Presumption in favour of sustainable development

7. We recognise that Coalition Programme committed the Government to creating a ‘presumption in favour of sustainable development in the planning system’. This commitment is contained within the Environment, Food and Rural Affairs section of the document, while the wider planning reforms are set out under the Communities and Local Government section. We welcome the implication that the two departments will work together to take this commitment forward.

8. There is a need for clarification, however, as to how this proposed presumption in favour of sustainable development will work in practice. The Conservative Party’s Open Source Planning Green Paper (February 2010) sets out more detail on the proposed presumption stating that it will ‘give the planning system an inbuilt bias towards the creation of appropriate new houses, offices, schools, shops and other development’. Without greater clarity about what might be a workable definition of sustainable development, there is a danger that if a local plan does not explicitly rule it out then development will be allowed to proceed regardless of the wider consequences.

9. While CPRE supports placing more emphasis on local plans we are concerned that on the same page of the Green Paper it states that the Conservative’s ‘believe that the country needs to see a major upswing in development and construction as soon as possible, and [they] will enact policies to make it happen’. It is increasingly clear that areas in the South East and East of England have already surpassed environmental limits in relation to water resources, an ‘upswing’ in development in those areas is unlikely to be considered sustainable.

National planning framework

10. The Government has also committed to developing a ‘simple and consolidated national planning framework covering all forms of development and setting out national economic, environmental and social priorities’. This will set a framework within which local authorities will work with communities to develop local plan policies. While we recognise that the Government will not want the framework to be overly prescriptive, this is an important opportunity to embed the principles of sustainable development within the planning system. As part of this, CPRE would like to see the inclusion of policies setting out the need for land to be used efficiently, including giving priority to urban regeneration and the protection of productive soil and valuable farmland. It should also include setting out a sequential, ‘brownfield first’ approach for all kinds of development.

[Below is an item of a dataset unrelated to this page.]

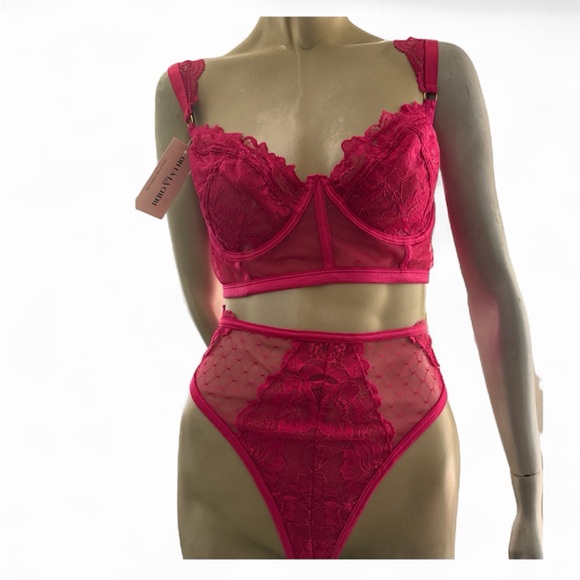 Oh La La Cheri Lace Bra & Panty Set- 2x! - Picture 2 of 4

Local Enterprise Partnerships

11. Finally, CPRE believes the Committee should consider the role of the emerging Local Enterprise Partnerships (LEPs) in relation to sustainable development. The letter from the Secretaries of State for Business, Innovation and Skills and Communities and Local Government, dated 29 June, suggests that the Partnerships could replace existing Regional Development Agencies and provide strategic leadership on economic growth within their area. We understand that by the 6 September the Government had received 56 proposals for Partnerships and these are currently being considered.

12. The letter goes on to state that in order to ‘create the right environment for business and growth in their areas’ Partnership’s may tackle issues ‘such as planning and housing, local transport and infrastructure priorities, employment and enterprise and the transition to the low carbon economy.’ While CPRE welcomed the revocation of the top-down housing targets within the Regional Spatial Strategies, we believe there is a continuing need for some form of strategic planning which embraces the need to promote sustainable development. It is clear that the Government believes that LEPs should undertake a strategic role in future. We are concerned, therefore, that their overriding focus is economic growth.

13. We recognise that the Government’s primary aim is to reduce the economic deficit and that economic development will be an important goal for strategic planning. Environmental and social factors should, however, also be taken into account to ensure that the overall approach is sustainable, protects the environment and delivers a better quality of life for communities. If we are to succeed in embedding sustainable development across Government, this is a clearly an area of policy that will need to be reconsidered.